You got me when I was not looking, charged along the track without a warning
With unintended force you crashed into my calm
Pushed me to the very edge, I know you meant no harm
And I trust your well-meaning, your kindness-filled desire
To oil the machinations of us, to lift us ever higher
To clarify and reinstate our stations, yet I fell at every word you mentioned.

His words hit like a bowling ball - a strike for him, nothing for me at all
Knocked down with a clean fast sweep, tangled mess, feelings in a heap.
Winded, empty, helpless, confused, his meagre message left me bruised
Faux kindness ripped my soul to shreds, insides exposed, aching, raw and red
And no-one wants to see that - who wants to see that?
The entrails of despair and pain, pieces of gut chewed over and again
Till only sad acrid bile remains, semi-liquid, half-baked frame
Unfulfilled body collapses in again, spark kicked out; fuse blown again.

The force of each blow radiates through brittle bone
Teased, torn and tingled, every sinew, muscle, tendon
Tender parts provoked to rage, tissue flutters in wild daze
With saddened shudder veins vibrate, each artery impaled with desperate ache
Sorrowful shivers sent to every atom, naked cells quake suspiciously
This deadly sense of poisoned void trips me, tips me, closer to insanity. 

You disapprove because you feel that I have taken your love for granted
But this is not true, I value you and the trust we both have planted.
He disapproves because, well, I don’t know, but the disapproval itself is clear
Amidst these howling winds it’s bitter taste is all I hear.

Your words made me feel I was a failure; his words make me feel I’m a fool
Either way I am undone and on this unworthy cold spring night
I know that loneliness has won.

All signs of renewal have been suppressed like the hyacinth, forget-me-nots and starflower
She picked from the garden to comfort me with stems cut too short for water
Slow sacrifice to the drowning maid, instead, with attentive care we laid
White here, yellow, blue and purple there, petals pressed firm on to the page
Faces peer up as pages come down - crushed the life out of their colourful ways
Pushed and pressed to preserve past beauty, to keep them safe, these sorry souvenirs
Of what once was. Forget me not, but I know you will. And he will too I fear
(and would it have been worth it after all?)
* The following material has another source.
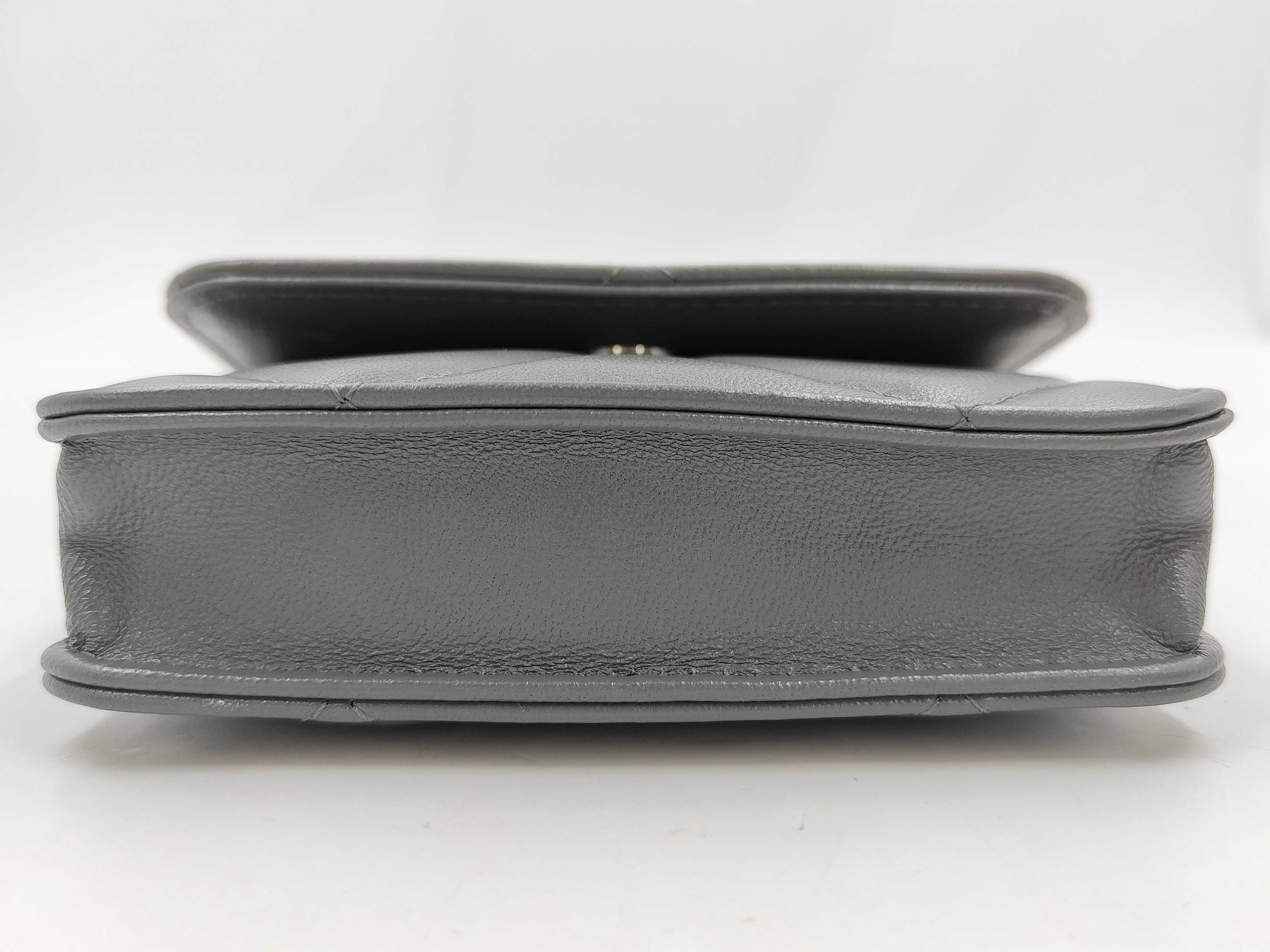 Chain Shoulder Bag — view 3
Beneath love’s dark waves I am slipping, slipping, falling, drowning gasp of ocean air
Fills tired lungs, ache from crying, soothed by grave waters, suffocating
With death’s silent scream narrating.

All this love and no hope of salvation; all this love and no air to breathe
Not in these slow murky whirling depths, slowly strangled by malicious weeds.
All this love and no arms to cling to; all this love and no lips to kiss
No fingers to caress each moment, soothe with undulating bliss.
No heart to accept love and reciprocate feelings, to embrace and hold and welcome it home
Drowning with all these other lovers in all this love, yet I am here, alone.
We’re all alone with our unique obsessions, each lonely soul in its private passion
All this love and not a drop to drink; all this love our poor hearts to sink.
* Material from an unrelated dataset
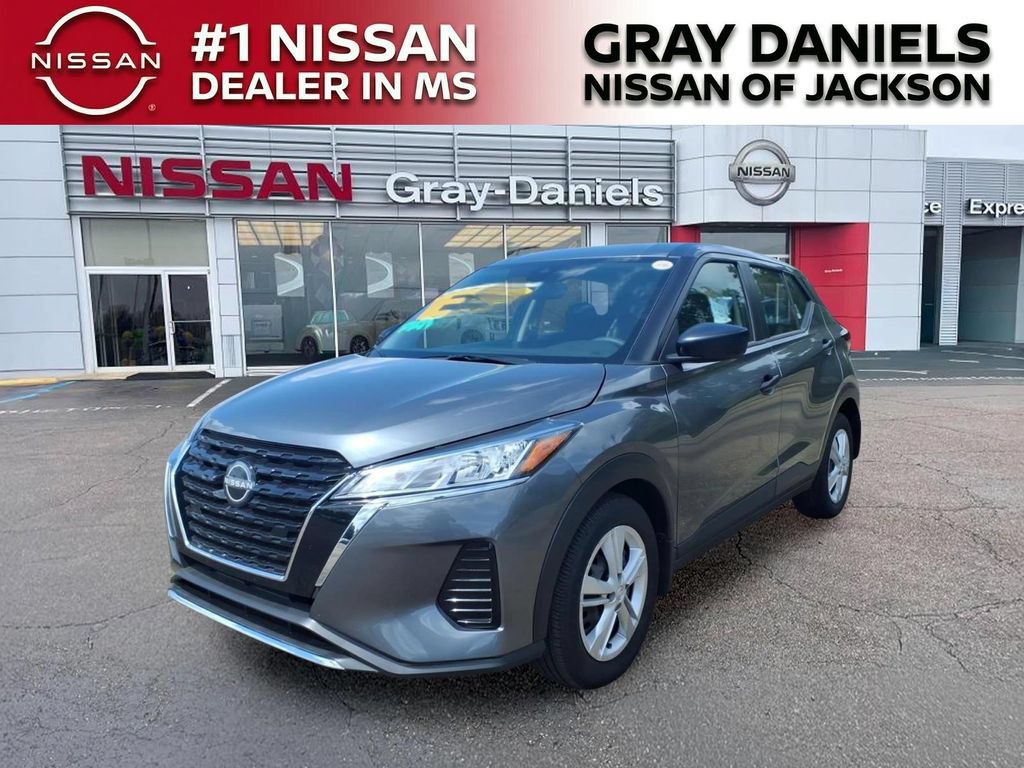 Certified 2025 Nissan Kicks Play S FWD image 4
I want to scream ‘fuck off!’ at you, to push you away, away, away
Because the distance I already feel is more than I can bear today.
I want you gone because I need you here and I cannot have it my way
To have you here, it is forbidden, and what would our neighbours say?
I need to delete your omnipresence, unsubscribe from your daily views
Unfollow your voice on my video feed, block every last trace of you
Because you can do nothing for me now.. (it’s just me and the pain, again)..

His voice shakes. Is he laughing or crying? I can no longer tell, perhaps I never could
Perhaps all I knew were guesses at best - mere approximations of hopefulness
My heart harboured for him, from him, to you, to him, of you, of him
For you, from you and him, and you..

Can I only live this life if I erase him? How can I possibly live without you?

There is air on the surface, that much I know.
But for now, on this loneliest of nights
I will sink to the bottom and forget how to breathe.